## [Exercise aim]
Please copy the listing that follows exactly, leaving out any pictures.

## [Exercise data]
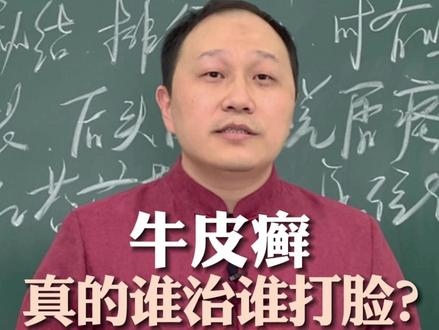 牛皮癣,真的谁治谁打脸?说到底就是一个“燥”字 #牛皮癣 #血燥 #中医 #中医杨哲 #银屑病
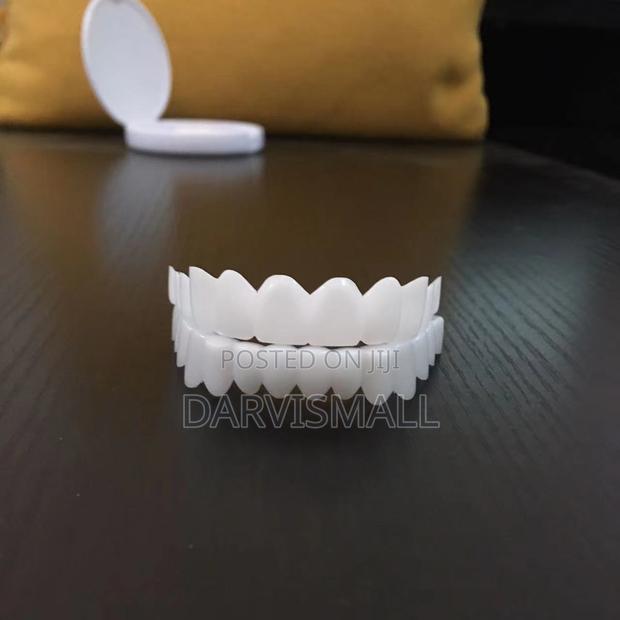 Fake Veneers Teeth · Photo 3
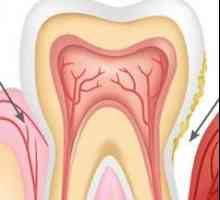 Simptomele parodontitei, diagnosticului și tratamentului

## [Response]
 牛皮癣,真的谁治谁打脸?说到底就是一个“燥”字 #牛皮癣 #血燥 #中医 #中医杨哲 #银屑病
 Fake Veneers Teeth · Photo 3
 Simptomele parodontitei, diagnosticului și tratamentului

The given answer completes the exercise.